DATA SECTION:
☆ ☆ ☆

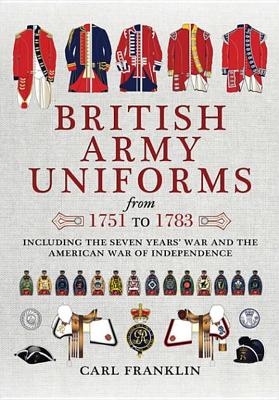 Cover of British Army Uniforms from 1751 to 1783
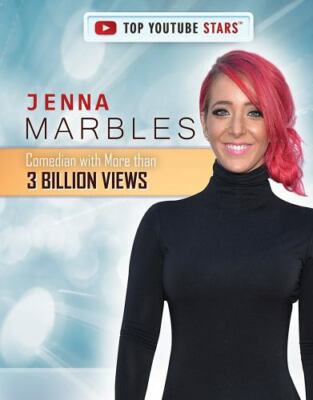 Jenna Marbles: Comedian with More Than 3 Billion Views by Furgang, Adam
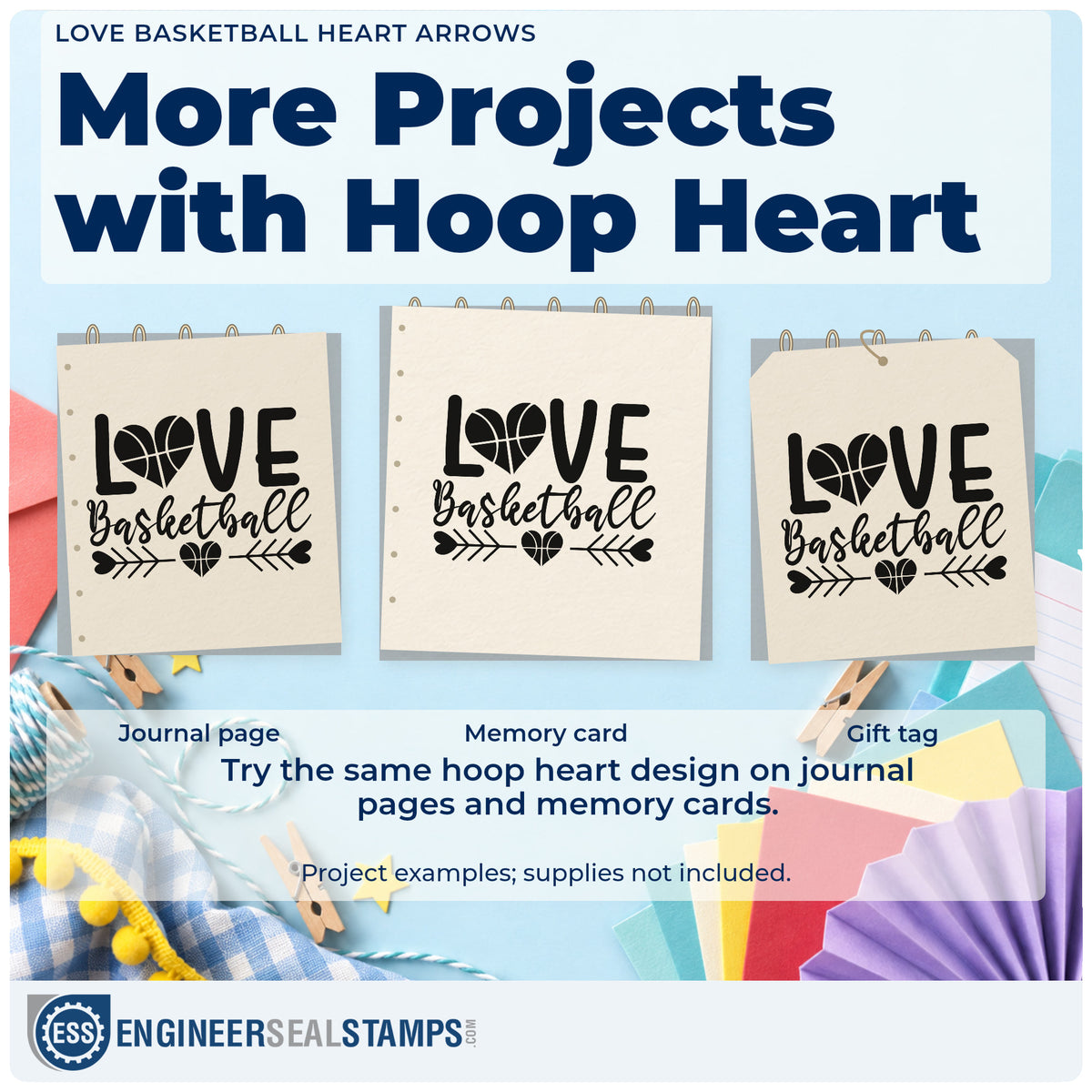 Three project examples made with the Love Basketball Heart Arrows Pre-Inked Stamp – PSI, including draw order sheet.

☆ ☆ ☆

Copy out exactly, without any pictures, the lines above that begin at the one with "Jenna Marbles: Comedian" and end at the last line of the listing.

WRITTEN SOLUTION:
 Jenna Marbles: Comedian with More Than 3 Billion Views by Furgang, Adam
 Three project examples made with the Love Basketball Heart Arrows Pre-Inked Stamp – PSI, including draw order sheet.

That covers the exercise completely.